Thursday, February 3, 1949
Milburn Sharp was a telling me the other day that the grey foxes have about moved out of Bucks Mountain and of a consequence the reds have moved there in force. In one day’s hunt, the Sharps jumped no less than nine red foxes. They killed three foxes that day, but in three days of chasing they accounted for no less than nine foxes, and put a wildcat into a hole in the rocks on the Spruce Flat side of Dry Creek.
A Weaver
The Nicholas County News Leader prints the following comments about Maggie McClure, of Marlinton:
Now that the fad of weaving is at large among the bobby-soxers of the nation, the local teenagers might be interested in looking up Mrs.
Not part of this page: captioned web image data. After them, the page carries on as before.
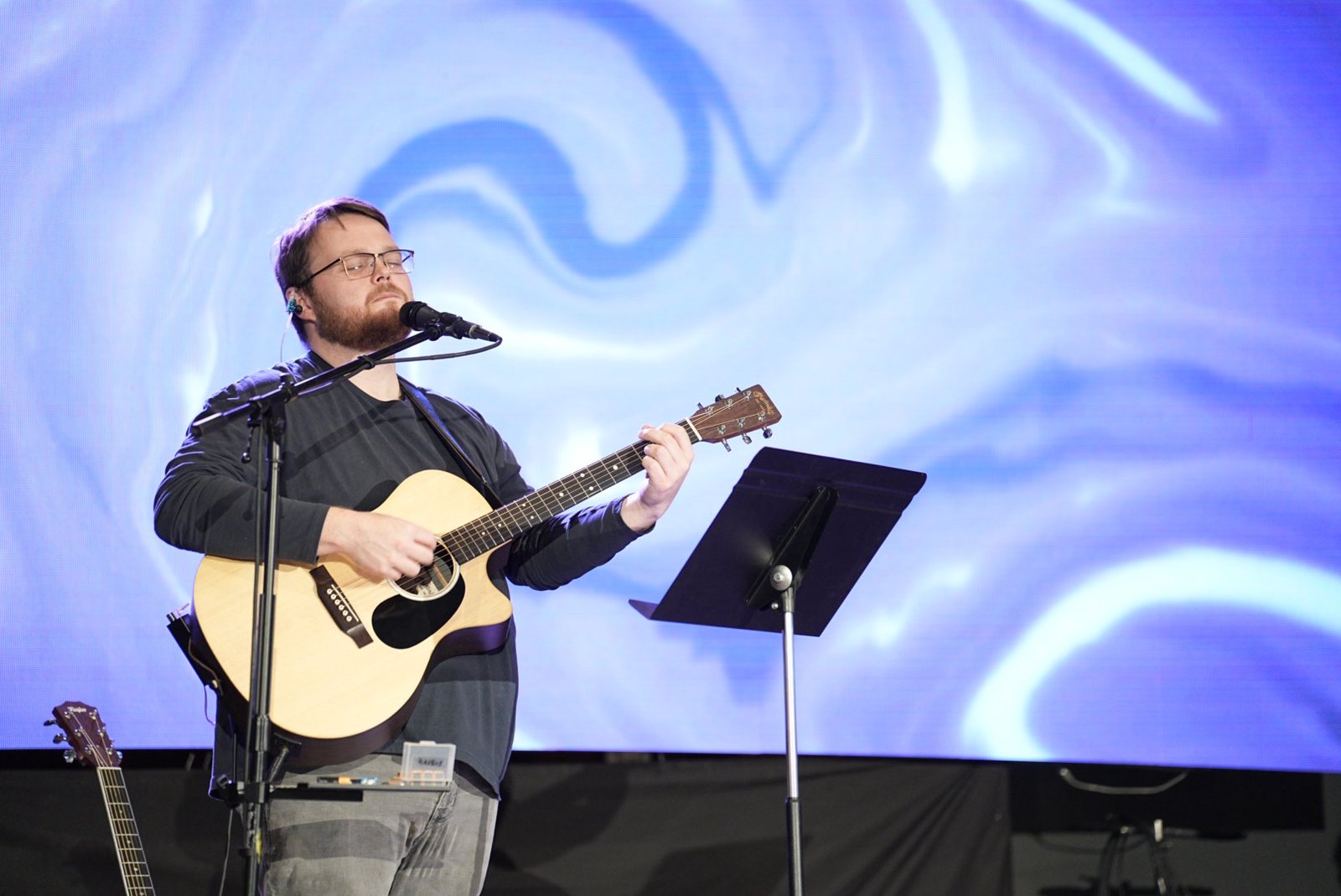 Worship at Crestwood Vineyard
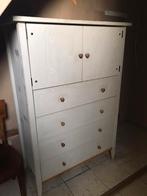 Kast, Ophalen, 100 tot 150 cm, 50 tot 100 cm, 3 of 4 laden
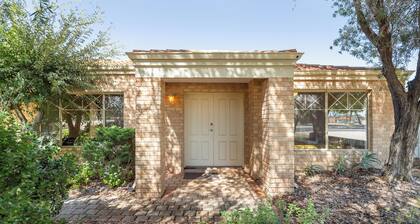 SPACIOUS JANDAKOT HOUSE FOR FAMILIES AND BUSINESS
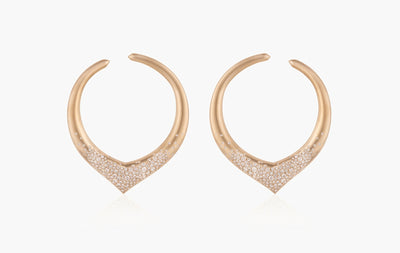 THE ARCH POWER LARGE HOOP EARRING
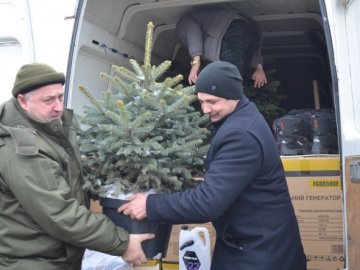 Волинські лісівники передали новорічні подарунки для бійців 14-ої бригади. ФОТО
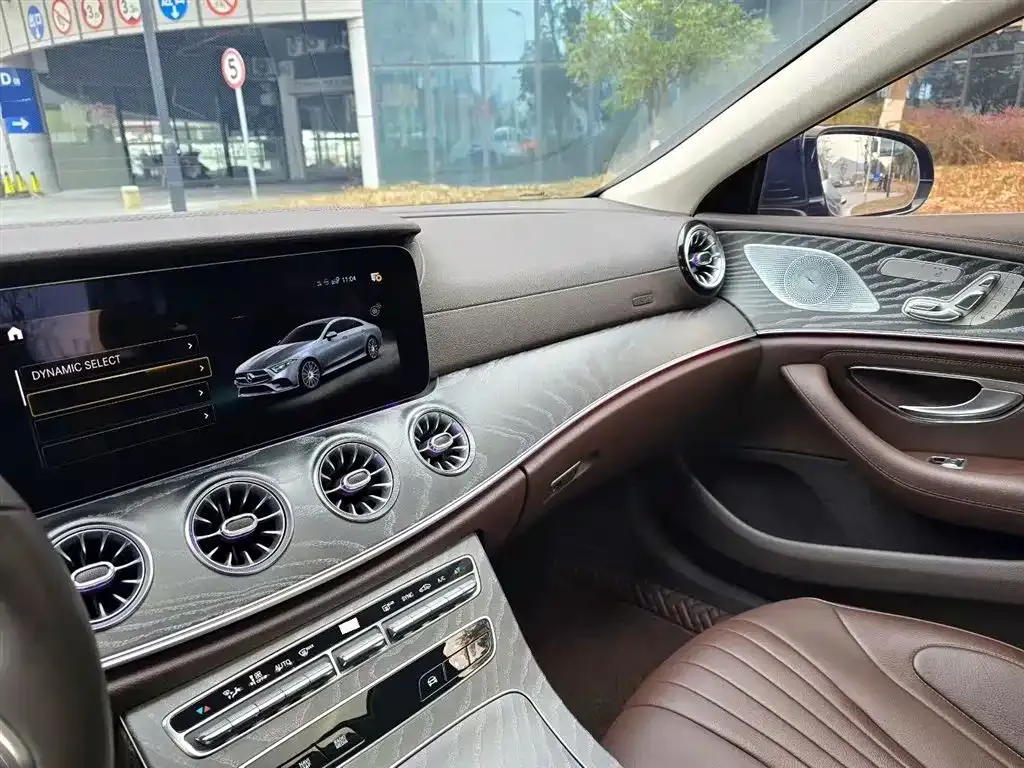 Mercedes-Benz CLS — фото 4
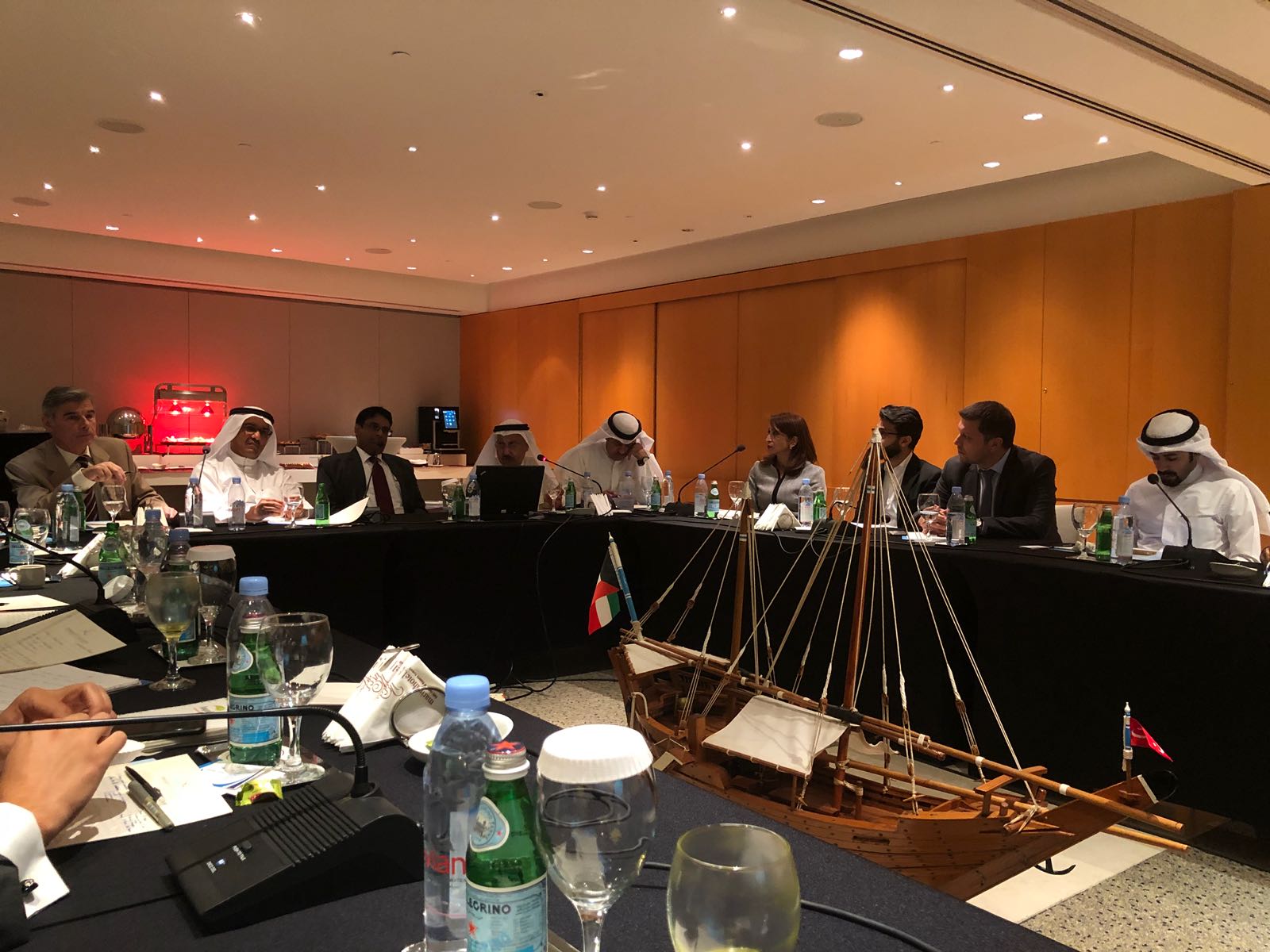 Table-ronde organisé par le SE du Koweït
Maggie A. McClure. When she was a kid, she had to do weaving to keep the family clothed.
Mrs. McClure is 88 years old and lives in Marlinton, in the county where she was born February 23, 1861, the daughter of Mr. and Mrs. Dal Galford. Her parents were among the earliest settlers to come to Pocahontas county.
The early years in Pocahontas were fraught with every difficulty under the sun. While meat was plentiful and for the mere killing, clothes were harder to get than they are today because of the utter scarcity. So that is how Maggie McClure learned the gentle art of getting yarn out of a spinning wheel and linsey out of a loom. Today, she knits gloves and makes men’s hose and her home is full of woven articles she made by her own hand. At her age, she surprised people by sewing and knitting without the use of glasses. She does her reading with the bare eye, too.
Today, she stands alone; the last of Dal Galford’s family. She recalls the early days, when her father started hewing a home from the wilderness. Today, the place is Cass, Pocahontas, and right where Dal built his cabin, the huge Mower Lumber Company rips through logs and turns out some mighty fine lumber.
She inherited pioneering blood and she married a pioneering man, Dave McClure, a brave woodsman who took his young bride from Cass to the headwaters of the Williams River and there stopped to cut trees for their cabin home. She cooked the meals over a log heap fire while her husband cut the trees that were to make the home. Not far from their home was to be seen a wallowing place for bear, and among the trees at a distance could be seen the antlered deer flitting away. The call of the wild turkey could be heard on the hills.
Now, at 88, Mrs. McClure looks back on a life of hardships, which now have mellowed into sweet memories of the past. …
THE WEATHER
This was one January in which we all did not freeze to death, even if things for days on end were entirely too damp for comfort.
We all think this, so far, has been about the mildest winter in the memory of man, and it could well be so.
Friend George Alderman was around the other day to ask who remembered that mild winter of about 60 years ago. There was sugar making in January; no snow until March to skid logs out of the woods for the spring drive, and peach trees bloomed the last week of February.
Sure, at our house, we had cause to remember mild winters in my young days. One matter of expressed anxiety was that of ice for comfort during the hot days of summer. This ice was cut on the river and stored under sawdust in the ice house. Occasional years no ice formed on the river, and then the only place for ice was a pond at Stony Creek, close to a cold north side and hemlock forest.
The year the peach trees bloomed the latter part of February was marked in mind by the interest aroused by newspaper articles on the guess that the warm Gulf stream in the Atlantic Ocean may have changed its course to the west by several hundred miles. Thus the eastern states were enjoying a warming of the climate like that of the British Islands, so far to the north of us. The western states that year were suffering from blizzards somewhat like this year.
BIRTHS
Born to Mr. and Mrs. Harry Lynn Sheets, a daughter, named Deborah Jean.
Born to Mr. and Mrs. Oscar D. Williams, a son, named Oscar Leon.
Born to Mr. and Mrs. Chester K. Shrader, a daughter, named Nancy Ann.
Born to Mr. and Mrs. Jimmy Ray Nelson, a son, named Steve Wayne.
Born to Mr. and Mrs. M. F. Defibaugh, a son, named Morgan Raburn.
COMING HOME
Funeral services for Staff Sergeant Samuel Fred Spencer, age 29, will be held at 2 p.m. Sunday, February 6, 1949, in the Arbovale Methodist Church and burial will be in the Arbovale cemetery with military rights by Allegheny Post 117, American Legion.
Sergeant Spencer was killed in Germany April 10, 1945, while serving with the Battery 419th Field Artillery of the 10th Armored Division He entered the service in 1942…
He graduated from Greenbank High School with the Class of 1933… He is survived by a son, his mother, five sisters and three brothers.